Ottawa a fermé son programme en 2014, car il ne « présentait pas d’avantages économiques », selon le gouvernement. Or, Québec insiste pour maintenir le sien, déplore M. Ley.
« Ça a été fermé par les conservateurs, qu’on ne peut pas accuser d’être anti-business. Les revenus des gens au Canada étaient si faibles qu’ils ne contribuaient pas à la croissance économique, et ce, tout en envoyant leurs enfants à l’école et en utilisant nos services de santé. Ils contribuent aussi activement à l’explosion des coûts de l’immobilier à Vancouver et Toronto. »
Cette réalité a d’ailleurs poussé l’ex-première ministre de la Colombie-Britannique, Christy Clark, à demander au Québec de modifier son programme, pour que les immigrants investisseurs « dépensent et restent au Québec ». En vain.
Le Conseil du patronat du Québec, qui a produit une étude sur le programme, est plus nuancé. Le programme est imparfait et doit être réformé, croit l’économiste en chef Norma Kozhaya.
Pas si pire que ça
Elle se dit « surprise » par la proportion de demandeurs qui quittent le Québec, mais fait valoir que ces gens fortunés contribuent à l’économie grâce à leur pouvoir d’achat. Leur prêt de 800 000 $ rapporte gros, ajoute-t-elle.
Il est vrai que Québec dispose ainsi d’un prêt sans intérêt de 5 milliards $. Les revenus générés par les placements des candidats financent deux programmes d’aide aux entreprises.
« Si on exigeait qu’ils restent au Québec ou qu’ils achètent une résidence ici, ils dépenseraient plus, démarreraient peut-être des entreprises, créeraient des emplois », croit Mme Kozhaya.
Plus de 10 M$ par an pour gérer le programme
Controversé et décrié par les provinces de l’Ouest, le programme québécois d’immigrants investisseurs a coûté près de 12 millions $ au gouvernement du Québec l’an dernier, révèlent des données obtenues par Le Journal. Bien plus que l’ancien programme fédéral, qui desservait pourtant neuf provinces et trois territoires.

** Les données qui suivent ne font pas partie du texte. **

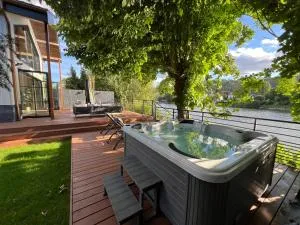 Chalet sur une île privée avec SPA et SAUNA La Vie Sage - 维尔尼斯苏泽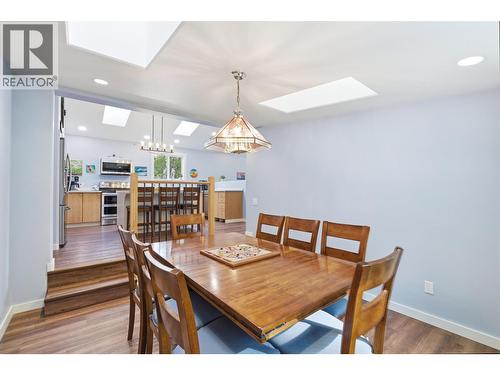 2102 Quartz Road, Quesnel, BC - Indoor Photo Showing Dining Room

Les coûts rattachés au programme québécois n’ont cessé d’augmenter depuis 2012.
Coûts en hausse
Pendant cette période, les coûts en tous genres liés au programme sont passés de 9,3 millions à 11,8 millions $, selon des données obtenues en vertu de la Loi d’accès à l’information.
En comparaison, pour tout le reste du pays, les frais de fonctionnement du programme fédéral n’étaient que de 5 millions $ par an lorsqu’il a été aboli par les conservateurs en raison de son inefficacité, en 2012.
La grande majorité des coûts sont attribuables aux salaires des personnes employées par le ministère de l’Immigration, de la Diversité et de l’Inclusion (MIDI) du Québec et Investissement Québec, au Québec et à l’étranger.
Ces fonds servent notamment à analyser les demandes présentées par les candidats du programme québécois des immigrants investisseurs.
Un bureau à Hong Kong
« Ces [employés] doivent vérifier le respect des normes du programmes [sic], notamment les conventions d’investissement et la licité des fonds qui seront placés au Québec », affirme une porte-parole du MIDI dans un échange courriel.
Le ministre de l’Immigration, David Heurtel, a refusé d’accorder une entrevue au Journal.
Les coûts sont également attribuables à l’occupation de locaux à Hong Kong, soit le loyer, l’aménagement et divers frais d’administration, selon le ministère.
Les revenus générés par les placements des candidats, d’environ 45 millions $ par an, financent deux initiatives d’aide aux entreprises, en plus de couvrir l’ensemble des coûts liés à la gestion du programme.